La dottoressa non obiettò. Aprì il baule e rovistò rapidamente tra gli abiti ma le parole di Julian l’avevano scossa al punto che non riusciva nemmeno a pensare ad altro se non al fatto che non voleva diventare la cena congelata di qualche lupo famelico. Le tremavano le mani quando il giovane si mise accanto a lei e la sua vicinanza le restituì un po’ di calma e lucidità.

«Vi serve qualcosa di caldo e poco ingombrante, come quell’abito che avete usato quando siamo andati a pattinare. E biancheria asciutta. Calze, soprattutto. Mettete qui quello che vi serve». Le aveva parlato in tono rassicurante, poi le aveva avvicinato una grossa sacca da viaggio a cui lei aveva lanciato un’occhiata diffidente.

«Stai scherzando?», aveva protestato con una punta di isteria. «Dovrei mettere i miei indumenti intimi insieme alle tue cose?». Si pentì di averlo detto nel momento stesso in cui Julian scoppiò a ridere.

«Esattamente sapreste dirmi perché la cosa vi disturba tanto?», riuscì a dire con forzata serietà e una punta di malizia. «Cosa temete che succeda? Vi assicuro che la mia sacca contiene solo indumenti puliti e profumati».

Intanto che parlava le aveva tolto di mano un abito di lana e lo aveva riposto con attenzione, poi, visto che lei sembrava essersi bloccata, aveva cominciato a rovistare nel baule in cerca delle altre cose che potevano servire. A quel punto Megan si era riscossa, gli aveva schiaffeggiato la mano e gli aveva dato uno spintone che però non lo aveva smosso di un millimetro.

«Non ti azzardare», lo avvertì minacciosa mentre affondava le mani tra pizzi e stoffe pregiate in cerca del sacchetto che conteneva la sua biancheria. Dopo averlo recuperato lo fece sparire rapidamente nel borsone di Julian, insieme ad un contenitore in cui portava abitualmente alcuni medicinali e il necessario per le medicazioni di emergenza, quindi chiuse la sacca.

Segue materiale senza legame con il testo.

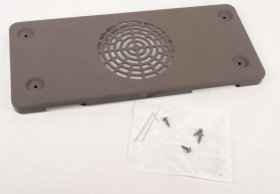 Casing Cover - 11050588 Hot-air Guide Plate Enamelled Ecolytic-front Compact 45cm Suitable For Steam [Bosch Siemens]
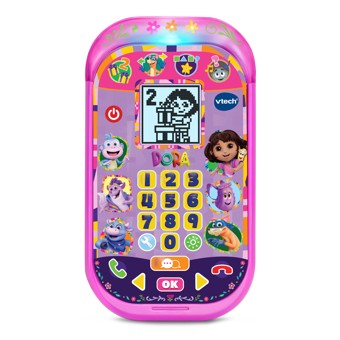 Open full size image 
      VTech® Dora Adventure Calls Learning Phone
    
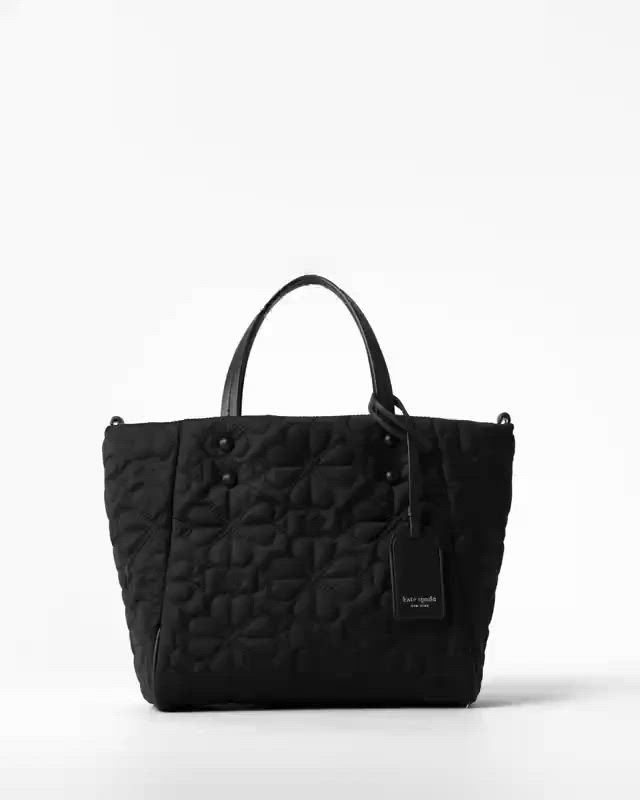 ティリー キルテッド スモール トート（トートバッグ）｜kate spade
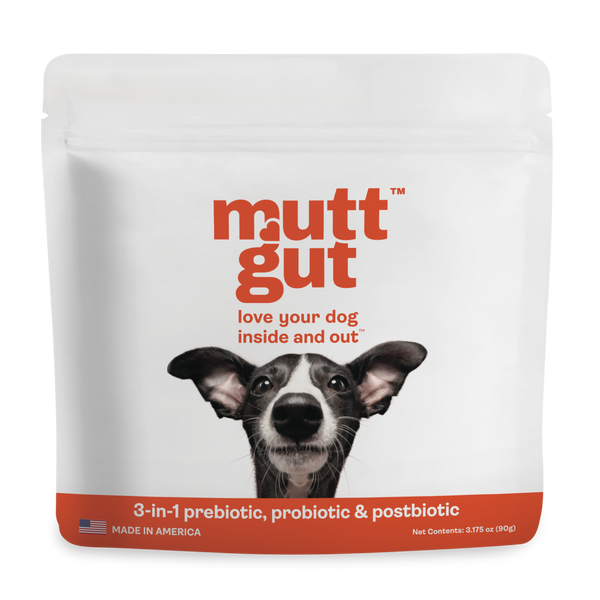 MuttGut 3-in-1 Gut Health Support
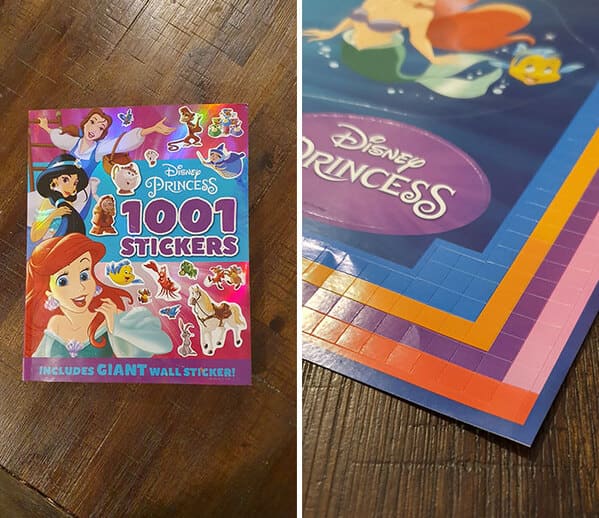 “1001 Stickers And 768 Of Them Are Useless Squares. Thanks, Disney”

«Ho finito», avvertì in tono funereo. Julian sembrava molto teso: si guardava in giro circospetto e sembrava annusare l’aria. Megan lo guardava scettica, gli sembrava che il ragazzo stesse davvero esagerando. «Possiamo andare? Si sta facendo sempre più buio», sbottò spazientita. Il ragazzo si voltò verso di lei, le fece segno di tacere portandosi un dito davanti alle labbra, poi le si avvicinò e si gettò la sacca sulle spalle.
«Andiamo. Conosco questo posto: qui vicino c’è un rifugio di caccia. Dobbiamo raggiungerlo prima che sia troppo buio», la spronò a bassa voce. Megan lo seguì senza protestare e lasciò che la prendesse per mano per guidarla.